→ **TRY IT**:
For every record that follows, transcribe the text exactly and leave any image out.

Records from a dataset
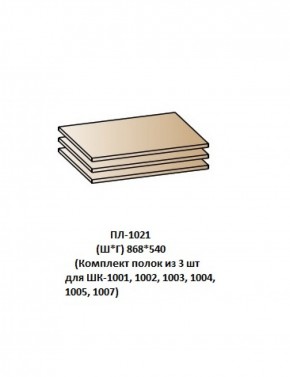 ПЛ-1021 (Комплект полок из 3 шт для ШК-1001, 1002, 1003, 1004, 1005, 1007) в Режи - rezh.ok-mebel.com | фото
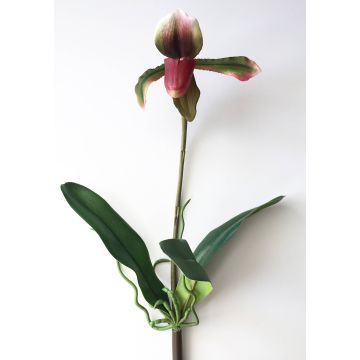 Umělá orchidej střevíčník VELANA, se zápichem, fialovo-zelená, 40cm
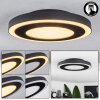 Audrieu Ceiling Light LED black, white, 2-light sources
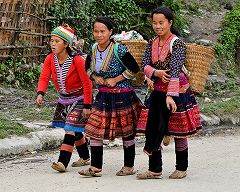 �ԃ������i�V�j�̎ʐ^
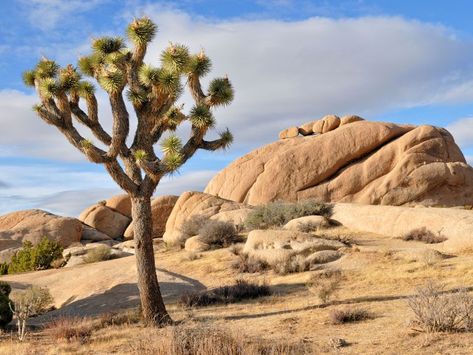 Desert Inspo, Mojave California, Crimson Skies, Desert Biome, Joshua Trees, Scenery Ideas, Fabulous Killjoys, Desert Trees, Outside Fall Decor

→ **EXERCISE RESPONSE**:
 ПЛ-1021 (Комплект полок из 3 шт для ШК-1001, 1002, 1003, 1004, 1005, 1007) в Режи - rezh.ok-mebel.com | фото
 Umělá orchidej střevíčník VELANA, se zápichem, fialovo-zelená, 40cm
 Audrieu Ceiling Light LED black, white, 2-light sources
 �ԃ������i�V�j�̎ʐ^
 Desert Inspo, Mojave California, Crimson Skies, Desert Biome, Joshua Trees, Scenery Ideas, Fabulous Killjoys, Desert Trees, Outside Fall Decor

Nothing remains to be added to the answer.